▶ [BRIEF]: Go through the listing and copy each line that has the string "forest" in it.

########

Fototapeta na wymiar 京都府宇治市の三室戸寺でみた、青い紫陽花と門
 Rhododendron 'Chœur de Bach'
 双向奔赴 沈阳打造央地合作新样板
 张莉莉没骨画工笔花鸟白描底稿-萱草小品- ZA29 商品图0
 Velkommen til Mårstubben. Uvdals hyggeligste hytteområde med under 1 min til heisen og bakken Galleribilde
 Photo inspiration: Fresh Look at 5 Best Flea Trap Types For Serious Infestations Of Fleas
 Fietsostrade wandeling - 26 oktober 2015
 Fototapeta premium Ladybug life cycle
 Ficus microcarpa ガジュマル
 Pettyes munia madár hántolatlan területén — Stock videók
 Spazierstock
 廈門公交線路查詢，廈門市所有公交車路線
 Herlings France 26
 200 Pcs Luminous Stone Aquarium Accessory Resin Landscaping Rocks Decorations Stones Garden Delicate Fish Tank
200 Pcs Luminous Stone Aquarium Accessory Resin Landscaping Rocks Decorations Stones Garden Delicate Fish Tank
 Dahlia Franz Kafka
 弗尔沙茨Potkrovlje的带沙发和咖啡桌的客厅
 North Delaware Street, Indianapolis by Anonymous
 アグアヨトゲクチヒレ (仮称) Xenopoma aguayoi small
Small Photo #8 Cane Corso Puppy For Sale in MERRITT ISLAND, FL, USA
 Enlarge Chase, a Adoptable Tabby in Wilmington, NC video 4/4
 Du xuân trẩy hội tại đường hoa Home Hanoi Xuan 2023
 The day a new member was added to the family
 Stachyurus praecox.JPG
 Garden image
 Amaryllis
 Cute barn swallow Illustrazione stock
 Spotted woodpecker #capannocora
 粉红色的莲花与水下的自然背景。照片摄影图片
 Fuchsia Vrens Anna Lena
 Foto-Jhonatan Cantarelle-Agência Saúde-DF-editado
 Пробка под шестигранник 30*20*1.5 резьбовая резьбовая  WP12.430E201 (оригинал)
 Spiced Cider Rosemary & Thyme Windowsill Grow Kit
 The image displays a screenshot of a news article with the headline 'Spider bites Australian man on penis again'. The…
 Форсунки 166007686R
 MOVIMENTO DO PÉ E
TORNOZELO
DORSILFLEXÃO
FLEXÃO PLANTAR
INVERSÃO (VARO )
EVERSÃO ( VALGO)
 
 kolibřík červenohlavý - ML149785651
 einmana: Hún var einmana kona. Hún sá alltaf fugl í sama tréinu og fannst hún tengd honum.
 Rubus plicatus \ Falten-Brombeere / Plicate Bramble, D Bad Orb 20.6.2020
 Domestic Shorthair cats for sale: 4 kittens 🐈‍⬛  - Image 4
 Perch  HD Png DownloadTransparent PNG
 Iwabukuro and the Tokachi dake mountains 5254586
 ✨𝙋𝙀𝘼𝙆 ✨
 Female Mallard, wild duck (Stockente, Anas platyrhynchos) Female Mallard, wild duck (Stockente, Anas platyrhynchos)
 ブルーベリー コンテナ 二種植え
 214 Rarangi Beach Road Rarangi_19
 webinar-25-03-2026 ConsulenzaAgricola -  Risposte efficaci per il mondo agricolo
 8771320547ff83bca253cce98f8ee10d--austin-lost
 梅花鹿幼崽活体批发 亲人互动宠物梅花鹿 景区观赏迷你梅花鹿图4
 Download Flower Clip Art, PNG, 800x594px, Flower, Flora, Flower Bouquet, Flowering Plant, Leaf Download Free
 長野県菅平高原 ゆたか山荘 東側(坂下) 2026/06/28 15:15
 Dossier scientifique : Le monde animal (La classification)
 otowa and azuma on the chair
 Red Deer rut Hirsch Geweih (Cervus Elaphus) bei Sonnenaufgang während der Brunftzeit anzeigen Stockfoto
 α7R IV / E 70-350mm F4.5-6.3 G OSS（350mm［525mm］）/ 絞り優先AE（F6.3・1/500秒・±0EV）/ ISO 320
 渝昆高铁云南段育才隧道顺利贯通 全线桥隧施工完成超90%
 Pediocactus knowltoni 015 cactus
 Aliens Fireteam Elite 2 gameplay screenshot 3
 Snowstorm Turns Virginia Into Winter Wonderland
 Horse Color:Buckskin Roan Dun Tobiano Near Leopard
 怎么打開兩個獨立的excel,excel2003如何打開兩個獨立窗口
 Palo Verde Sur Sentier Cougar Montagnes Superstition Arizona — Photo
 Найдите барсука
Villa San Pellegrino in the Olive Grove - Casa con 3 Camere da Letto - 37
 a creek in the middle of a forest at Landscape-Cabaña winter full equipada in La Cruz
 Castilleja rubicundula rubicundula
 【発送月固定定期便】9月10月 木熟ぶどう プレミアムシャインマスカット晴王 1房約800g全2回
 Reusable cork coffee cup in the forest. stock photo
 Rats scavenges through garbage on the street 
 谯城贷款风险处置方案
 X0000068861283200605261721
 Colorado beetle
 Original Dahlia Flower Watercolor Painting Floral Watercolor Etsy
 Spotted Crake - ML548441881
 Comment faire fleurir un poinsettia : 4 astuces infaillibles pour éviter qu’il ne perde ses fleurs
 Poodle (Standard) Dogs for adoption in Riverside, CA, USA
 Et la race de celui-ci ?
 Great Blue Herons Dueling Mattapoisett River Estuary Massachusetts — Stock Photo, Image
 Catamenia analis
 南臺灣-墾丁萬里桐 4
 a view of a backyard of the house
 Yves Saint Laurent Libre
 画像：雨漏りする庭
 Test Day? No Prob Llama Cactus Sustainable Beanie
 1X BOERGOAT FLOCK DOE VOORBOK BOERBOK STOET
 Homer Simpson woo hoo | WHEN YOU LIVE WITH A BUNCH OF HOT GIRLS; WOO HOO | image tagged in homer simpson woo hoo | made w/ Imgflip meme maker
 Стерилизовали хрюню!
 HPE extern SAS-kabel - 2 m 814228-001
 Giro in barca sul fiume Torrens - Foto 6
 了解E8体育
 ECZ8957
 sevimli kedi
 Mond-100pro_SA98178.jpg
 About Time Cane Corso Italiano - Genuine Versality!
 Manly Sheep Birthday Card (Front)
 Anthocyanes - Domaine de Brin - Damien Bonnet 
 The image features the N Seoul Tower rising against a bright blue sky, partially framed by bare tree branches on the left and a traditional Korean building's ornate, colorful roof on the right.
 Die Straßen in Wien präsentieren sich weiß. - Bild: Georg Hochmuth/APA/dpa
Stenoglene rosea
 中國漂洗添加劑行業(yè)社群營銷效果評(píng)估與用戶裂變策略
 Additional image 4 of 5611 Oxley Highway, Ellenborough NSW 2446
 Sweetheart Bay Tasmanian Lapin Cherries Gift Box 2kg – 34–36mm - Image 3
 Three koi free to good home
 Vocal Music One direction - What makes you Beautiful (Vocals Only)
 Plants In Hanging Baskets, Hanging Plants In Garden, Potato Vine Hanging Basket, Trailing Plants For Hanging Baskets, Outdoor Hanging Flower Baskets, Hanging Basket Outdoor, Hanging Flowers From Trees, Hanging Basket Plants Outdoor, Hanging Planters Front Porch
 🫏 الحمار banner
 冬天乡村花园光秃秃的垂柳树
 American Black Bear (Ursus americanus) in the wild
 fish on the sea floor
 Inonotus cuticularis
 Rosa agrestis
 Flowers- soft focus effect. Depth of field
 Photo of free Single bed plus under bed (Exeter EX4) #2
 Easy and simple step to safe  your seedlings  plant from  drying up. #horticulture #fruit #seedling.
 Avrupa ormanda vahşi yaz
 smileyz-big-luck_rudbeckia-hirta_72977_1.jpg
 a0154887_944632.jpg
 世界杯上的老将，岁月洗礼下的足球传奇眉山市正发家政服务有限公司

########

▶ [WRITTEN REPLY]:
 a creek in the middle of a forest at Landscape-Cabaña winter full equipada in La Cruz
 Reusable cork coffee cup in the forest. stock photo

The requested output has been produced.